▶ YOUR TASK
All of the data must be output exactly, with every picture left out.
*** RAW DATA Section Begins ***
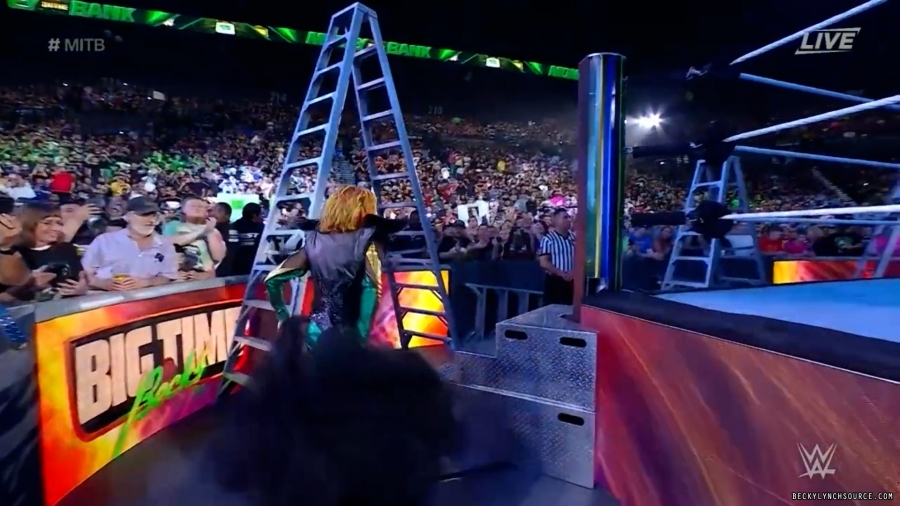 beckyppv20220702_00_00_32_15_Still058.jpg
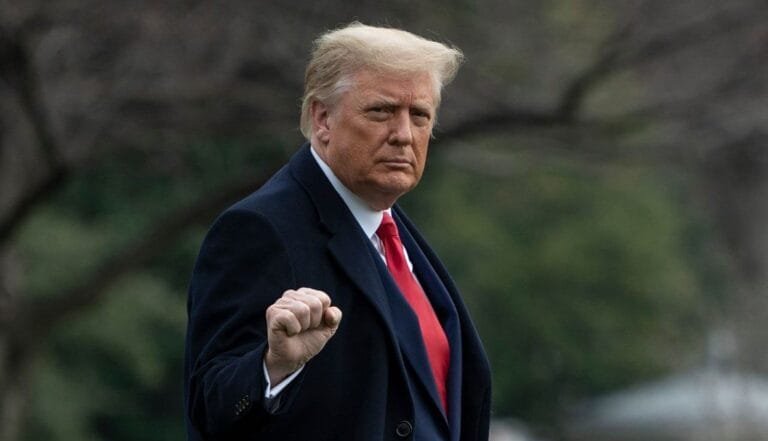 Trump suspends contact with Tehran and urges Iranian protesters to "take control of institutions"
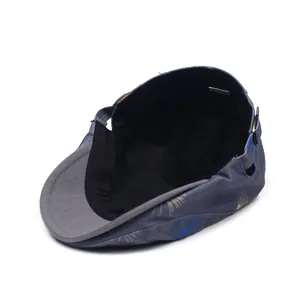 Cotton beret with dandelion print and contrast peak featuring adjustable metal buckle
*** RAW DATA Section Ends ***
▶ EXPECTED OUTPUT
 beckyppv20220702_00_00_32_15_Still058.jpg
 Trump suspends contact with Tehran and urges Iranian protesters to "take control of institutions"
 Cotton beret with dandelion print and contrast peak featuring adjustable metal buckle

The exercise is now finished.